• Pl chevron_right

      Christian Hergert: Translating French

      news.movim.eu / PlanetGnome • 9:50 • 1 minute

    I have been spending more time learning French lately, and as often happens, that turned into a small side project. liblingua is not intended to be a big mainstream translation platform. It is a fun GLib/GObject library for experimenting with local machine translation from applications.

    The library uses Bergamot from Mozilla for the translation backend. Instead of sending text to a web service, liblingua resolves the language pair you ask for, downloads the required language model into the local user cache, and then performs translation locally.
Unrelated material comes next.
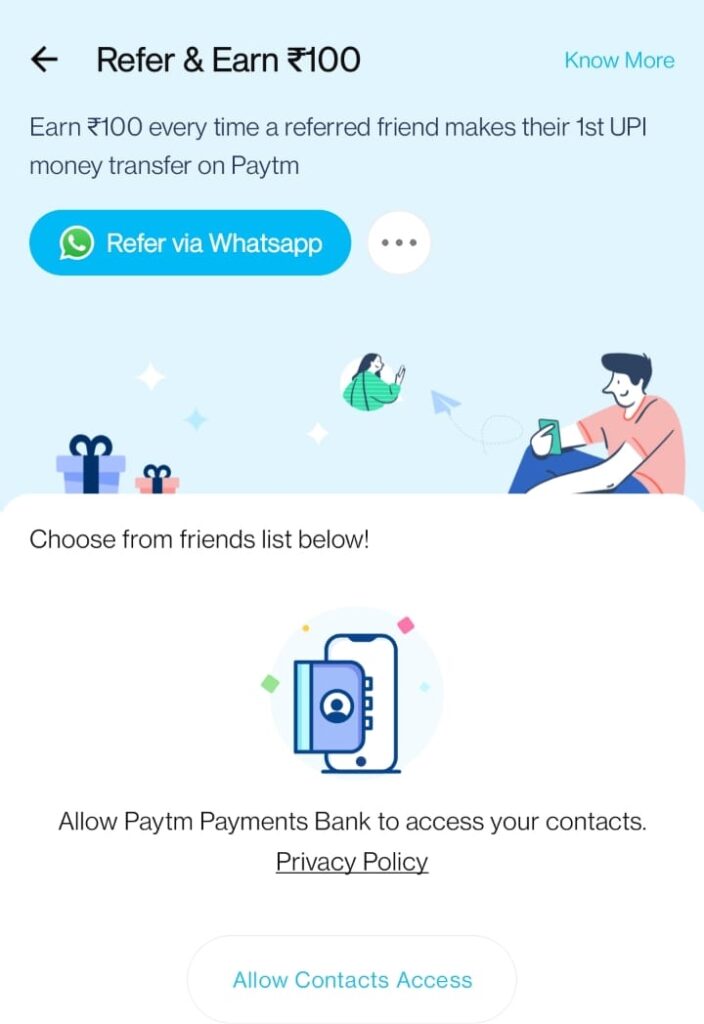 How to make money using Paytm 3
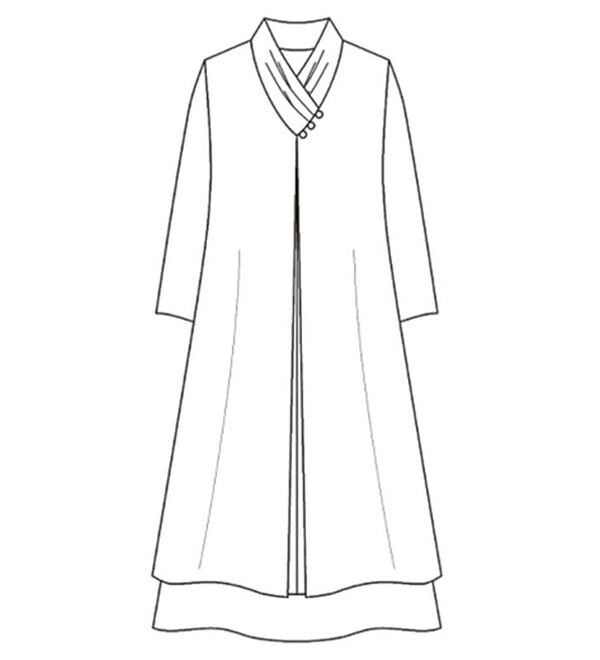 BELLUNA（ベルーナ）の「洗える！冷感素材ドレープワンピース（ブラックフォーマル（喪服・礼服））」｜詳細画像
    The high-level API is built around a few small objects: LinguaRegistry discovers available translation profiles, LinguaProfile represents a model that can be loaded or downloaded, LinguaProgress reports download progress, and LinguaTranslator performs the translation.

    All potentially blocking work is exposed as DexFuture , so it fits naturally into libdex based applications. If you are already using fibers, the code can stay linear and easy to read with dex_await_object() .

    A Small Example

    Here is the basic shape of translating French into English:

    #include <liblingua.h>
    
    static void
    translate_example (void)
    {
      g_autoptr(LinguaProgress) progress = lingua_progress_new ();
      g_autoptr(LinguaRegistry) registry = NULL;
      g_autoptr(LinguaProfile) profile = NULL;
      g_autoptr(LinguaTranslator) translator = NULL;
      g_autoptr(LinguaTranslation) result = NULL;
      g_autoptr(GListModel) profiles = NULL;
      g_autoptr(GError) error = NULL;
    
      if ((registry = dex_await_object (lingua_registry_new (), &error)) &&
          (profiles = lingua_registry_resolve (registry, "fr", "en")) &&
          (profile = g_list_model_get_item (profiles, 0)) &&
          (translator = dex_await_object (lingua_profile_load (profile, progress), &error)) &&
          (result = dex_await_object (lingua_translator_translate (translator, "Bonjour"), &error)))
        g_print ("%s\n", lingua_translation_get_translation (result));
      else
        g_printerr ("Error: %s\n", error->message);
    }
    

    The first time a model is needed, loading the profile may download it. After that, the model is reused from the local cache. That makes liblingua useful for little tools, demos, and desktop experiments where local translation is preferable to wiring everything through a remote service.

    In the future this is probably the type of thing we would want as a desktop service to avoid duplicating caches amongst Flatpak applications. It would also be extremely useful to do live translation in Camera and Image Preview apps. I played a bit with that using Tesseract for OCR and it worked better than expected.